Crockatt & Powell are on Lower Marsh (119-120) and they’ve got a good sized shop with an interesting selection of titles. They are starting to build their poetry collection, kicking off with the TS Eliot prize shortlist, and a couple of others. We had a long and friendly chat, I recommended Bittersweet, told them about Blag Lady – they’ve got a blog too – www.crockattpowell.com, and the vast and mainly mysterious world of Blogville. I’ve not investigated these environs as yet – I wanted to write blind – but will do. They are up for running poetry and literary events, and are keen to hear from poets. They also have a Book Club.
No discounts yet…but everything in time. I am building up to getting them to work a deal with the Society of Authors.
I picked up a copy of Colette Bryce’s The Full Indian Rope Trick – because I like the title and it’s everywhere you look. Gotta finish John Burnside’s Living Nowhere first, it arrived in a brown jiffy bag by post, a Christmas gift. I am going to confess here that I’ve never bought a book from Amazon – not entirely out of principle – but because I simply don’t buy books like that. I need the browse, the tactile experience, sticking my nose between the covers. Actually I tell a lie, I’ve just remembered, I did buy one – for research purposes once, it sits, unopened next to my desk.
Half way down the road, my new poetry collection swinging in the bag in my hands I stopped. The odd couple who own the second hand bookshop over the road looked appalled as they walked by ‘How rude!’ I heard her declare.
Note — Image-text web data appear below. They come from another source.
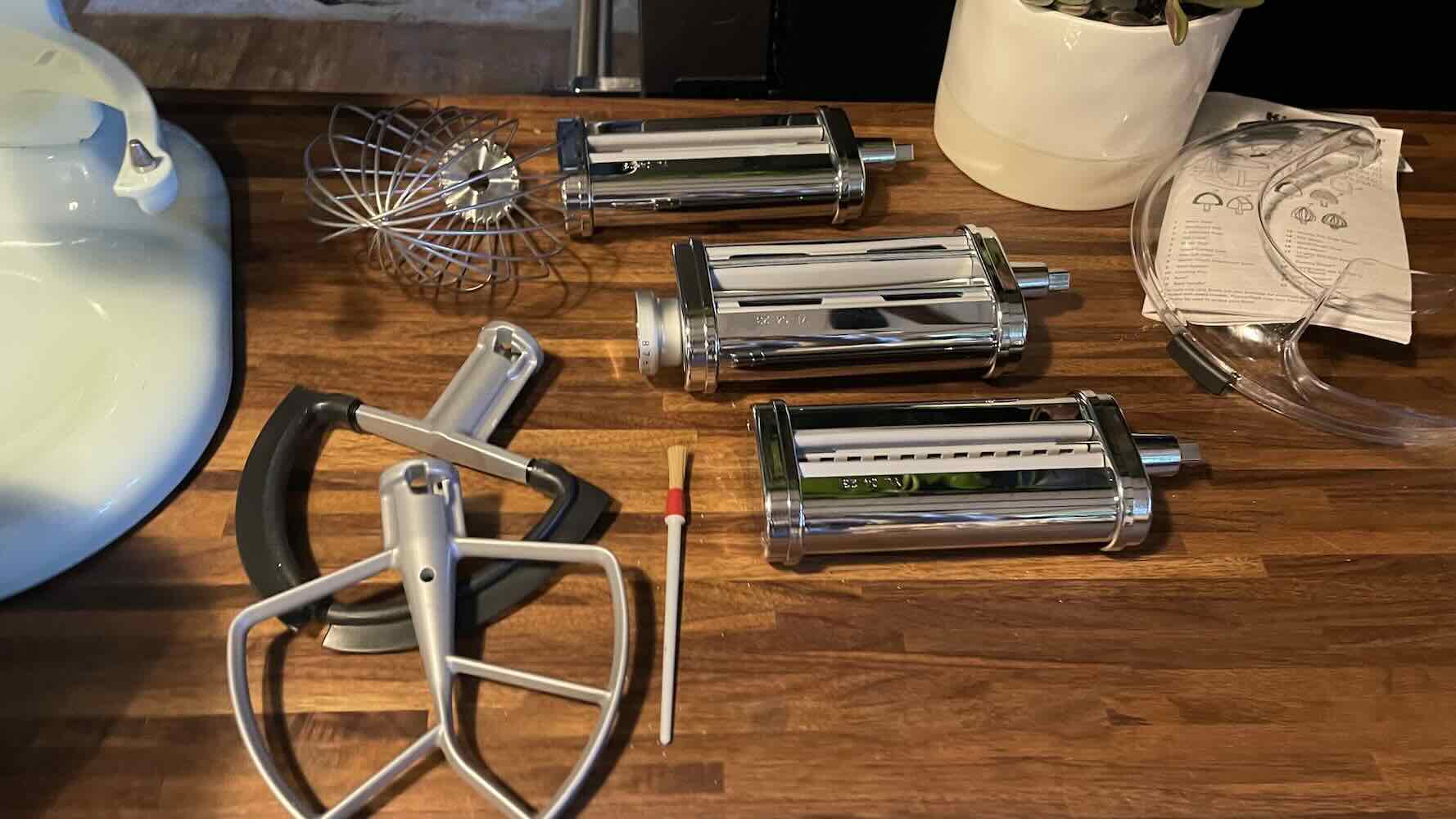 KitchenAid professional bowl lift mixer attachments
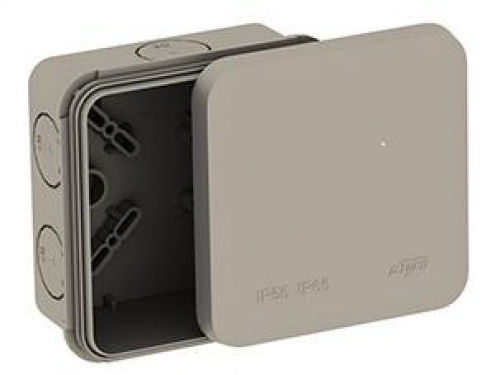 Коробка распределительная ОП 85х85х45мм двухкомпонентн. 8 вводов IP65 сер. Ruvinil 67240 67240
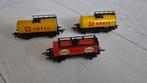 3x metalen wagons van Fleischmann, Hobby en Vrije tijd, Modeltreinen | H0, Gebruikt, Gelijkstroom, Fleischmann, Wagon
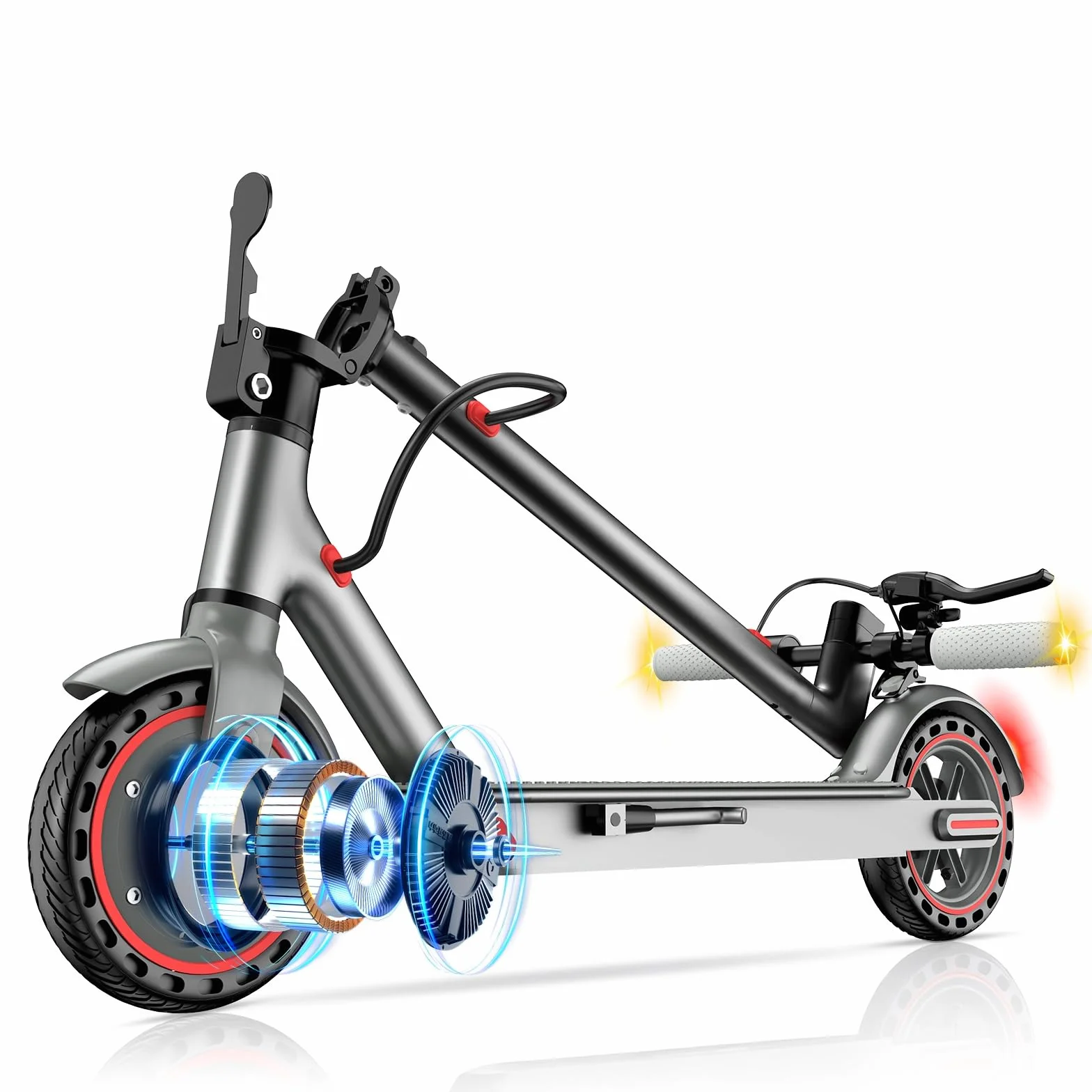 Monopattino Elettrico Adulto 25 km/h 48 km Autonomia 120 kg Pneumatici 8,5" 10" Doppia Frenata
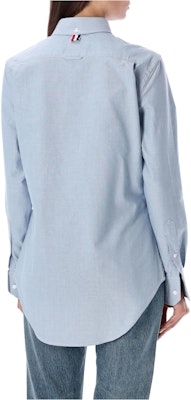 (W) Thom Browne 浅蓝色纯色纽扣衬衫 FLL005E-F0313-480 Lookbook (W) Thom Browne 浅蓝色纯色纽扣衬衫 FLL005E-F0313-480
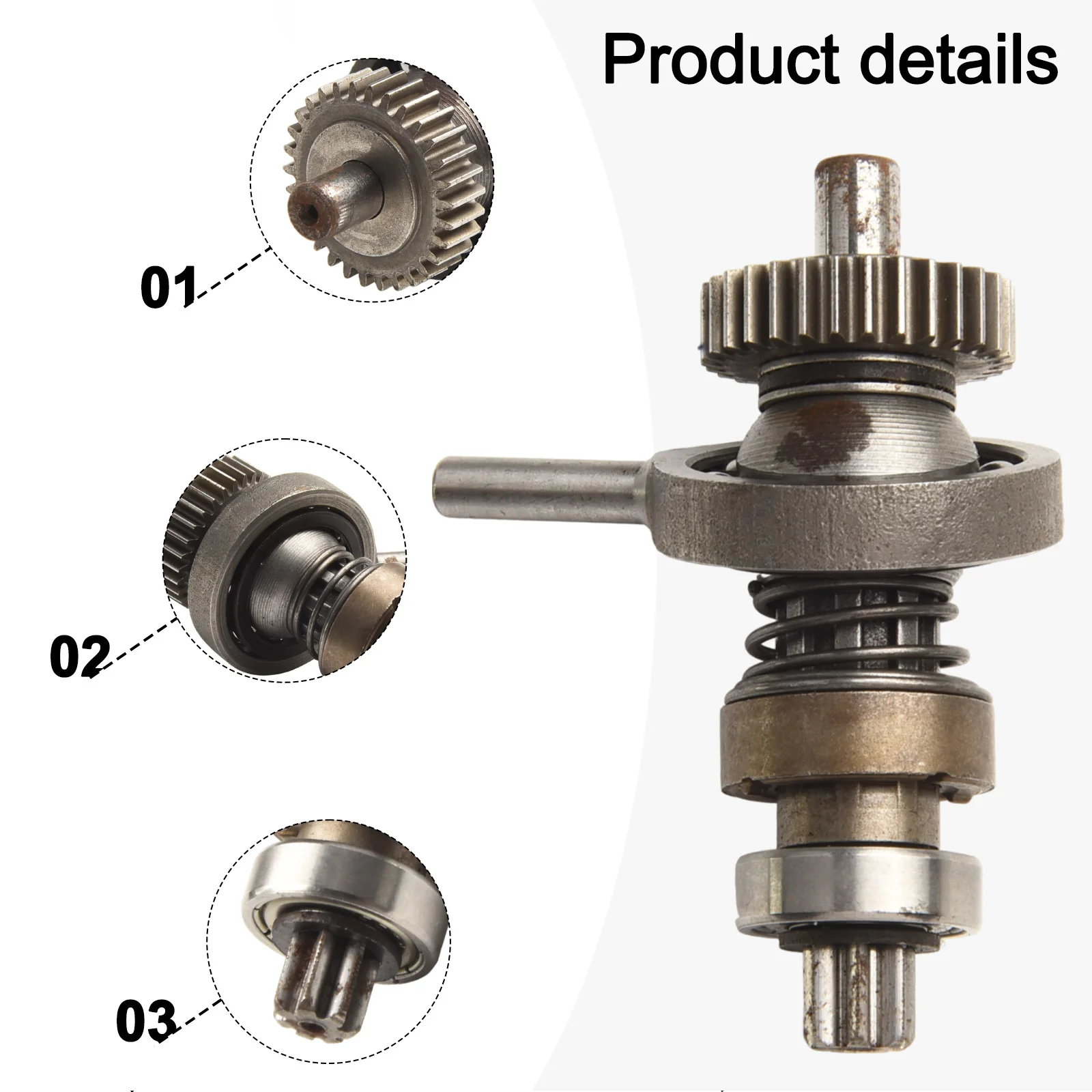 Metal Swing Bearing For WU390 WX390 Rotary Hammer Drill Parts 63.5mm Replacement Accessories Power Tool Repair Components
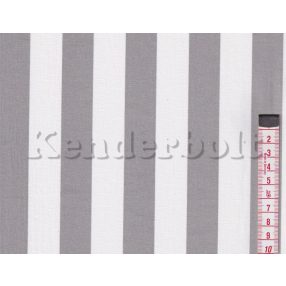 Csíkos, szürke (23 mm) pamutvászon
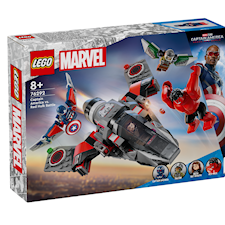 Captain America i kamp mot Red Hulk LEGO® Marvel (76292)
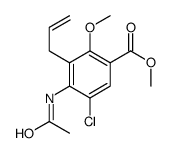 methyl 4-acetamido-5-chloro-2-methoxy-3-prop-2-enylbenzoate Structure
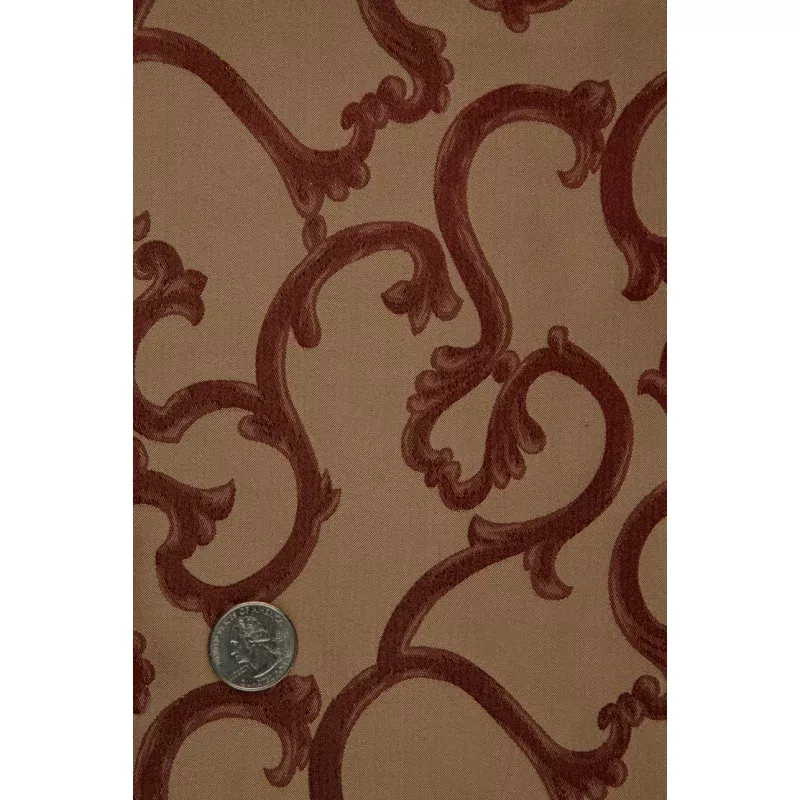 Brown 003 Silk Jacquard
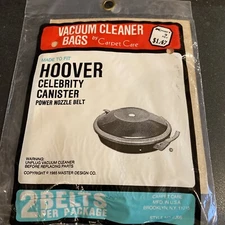 Celebrity Canister Power Nozzle Belt by Carpet Care 1 Pack Of 2 Belts NOS
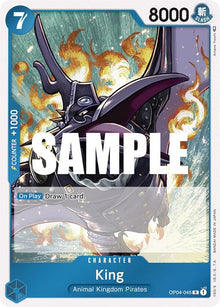 King OP04-045 Rare Kingdoms of Intrigue One Piece Foil Near Mint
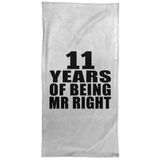 11th Anniversary 11 Years Of Being Mr Right - Hand Towel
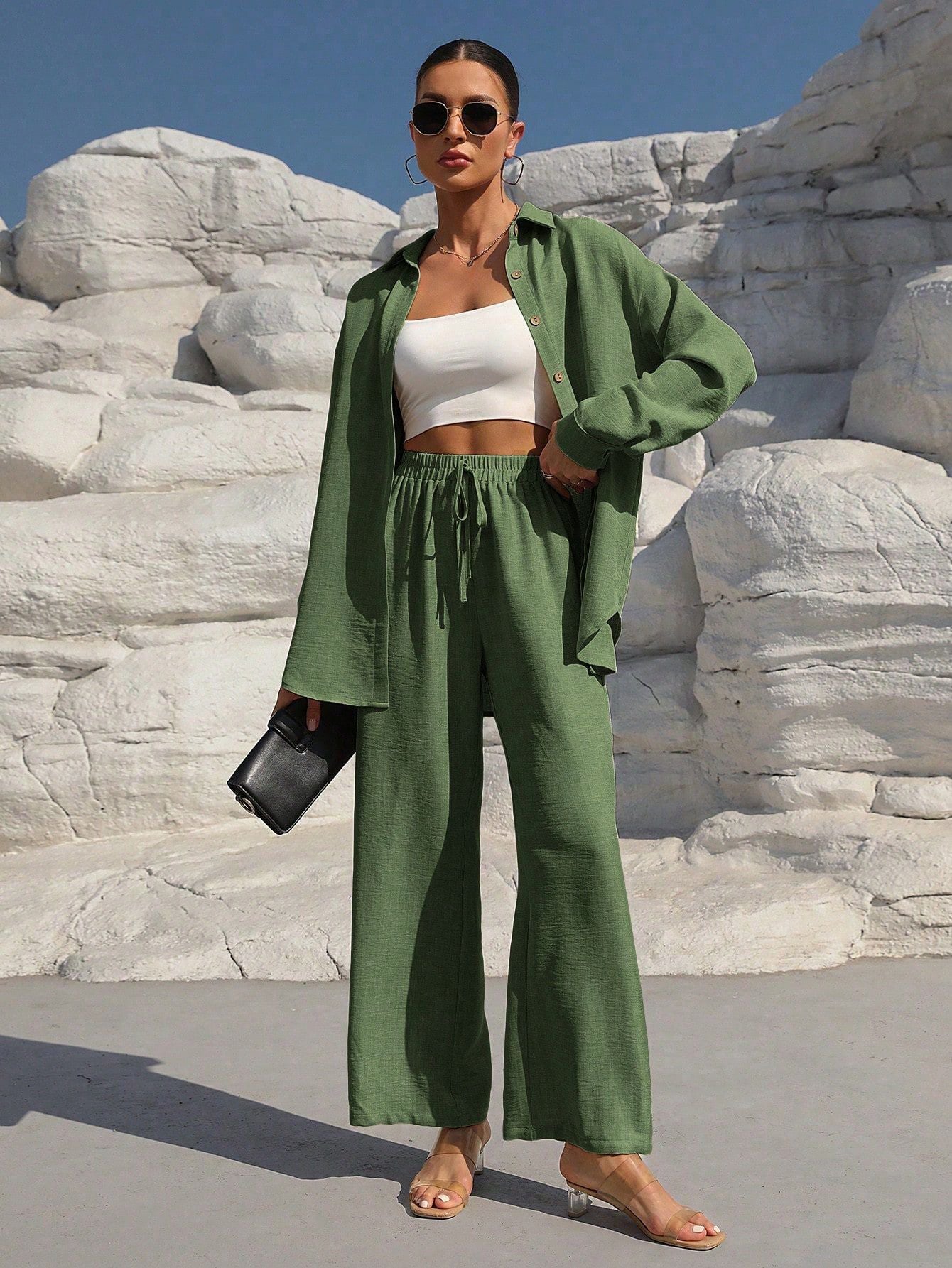 Formal large-size women's long-sleeved cardigan set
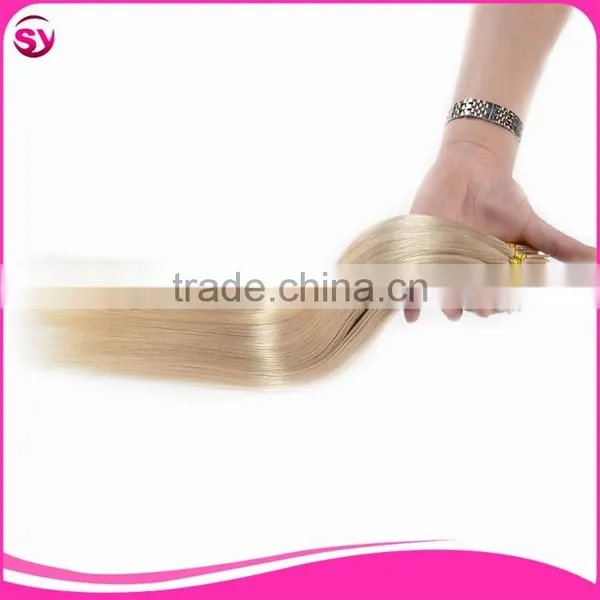 Top Quality Factory Wholesale Virgin Russian Hair Stick I Tip Russian Hair Extensions photo-2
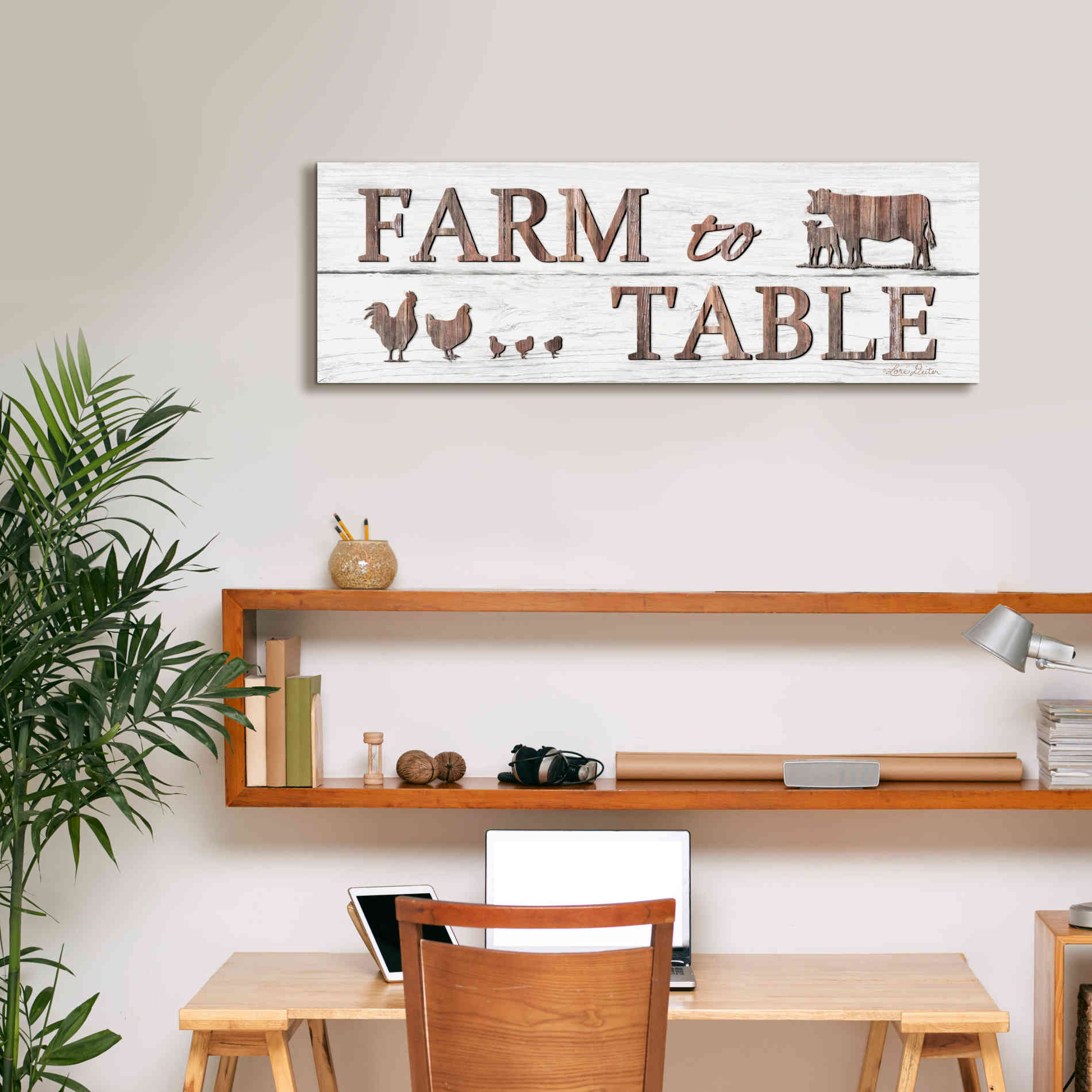 'Farm to Table' by Lori Deiter, Canvas Wall Art,36 x 12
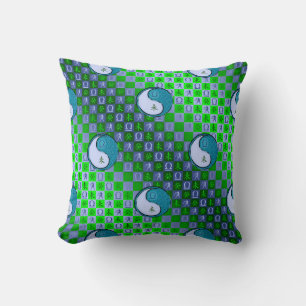 Libra & Water Goat Throw Pillow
I didn’t bump into them, but they are very very strange, so I wondered what I’d done, and realised it was just the fact I was another breathing being – they are always affronted. I tried to give them some books once and was turned away rather haughitly. Got a first edition Hofnung there though, and some rather nice RHS encyclopedias, so, I visit on a needs must basis. Anyway, then I realised I had left my new bookselling friends without a penny having changed hands. Whoops! I hurried back and Mr Crockatt (I think) and I exchanged glances as he served another customer.
‘We were worried for a minute,’ he said, ‘after you left we read the name of your blog. We thought we’d been blagged.’
Of course, the blag would never be like that. A true lady blag would involve them giving me the book, willingly! And I’m working on that.
So – there you go – plug over – check out the boys down the market!